O INSS estima elevar em cerca de 11 bilhões de reais a despesa prevista com benefícios previdenciários no segundo relatório bimestral de avaliação de receitas e despesas do Orçamento. A revisão é para o exercício de 2026.
Segundo a nota técnica obtida pelo Valor, a despesa líquida com benefícios deve subir de 1,066 trilhão para 1,077 trilhão de reais. O ajuste não considera sentenças judiciais nem a compensação aos regimes próprios, o que inclui o Comprev.
A projeção também não contempla o Benefício de Prestação Continuada, que pode ter a previsão revista para cima. Essas revisões aumentam a pressão sobre as contas públicas e o equilíbrio do orçamento.

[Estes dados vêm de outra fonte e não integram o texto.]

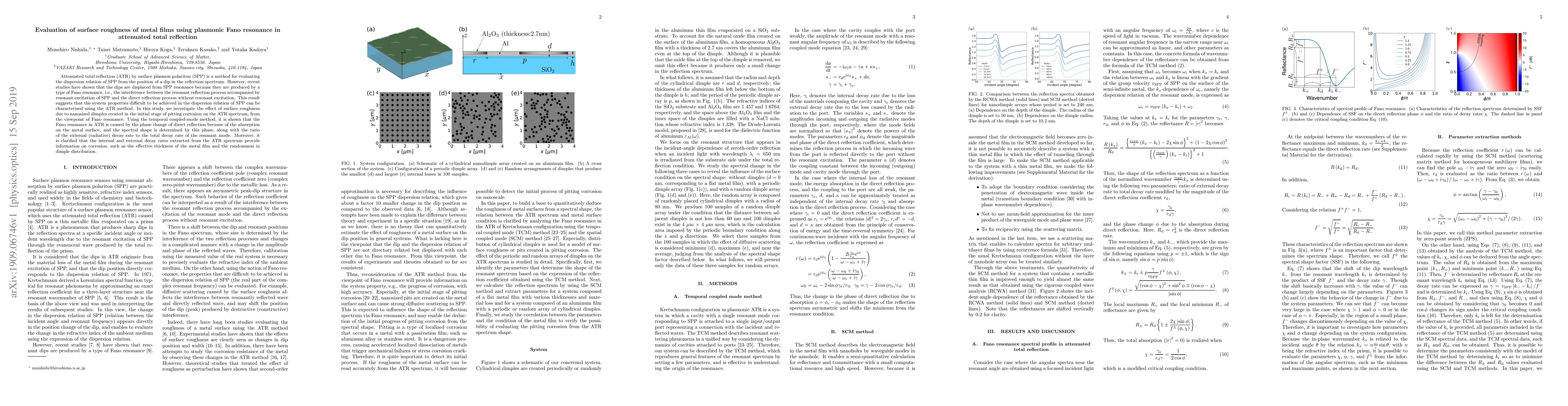Thumbnail for Evaluation of surface roughness of metal films using plasmonic Fano
  resonance in attenuated total reflection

O Ministério do Planejamento e Orçamento (MPO) divulgará na sexta-feira o segundo relatório bimestral de avaliação do Orçamento, com atualização de receitas, despesas e resultado primário. O documento orienta medidas de contenção.
Atualmente não há valores contingenciados no Orçamento, mas há um bloqueio de 1,6 bilhão de reais, segundo informações oficiais. A divulgação completa deve esclarecer impactos setoriais e cenários fiscais.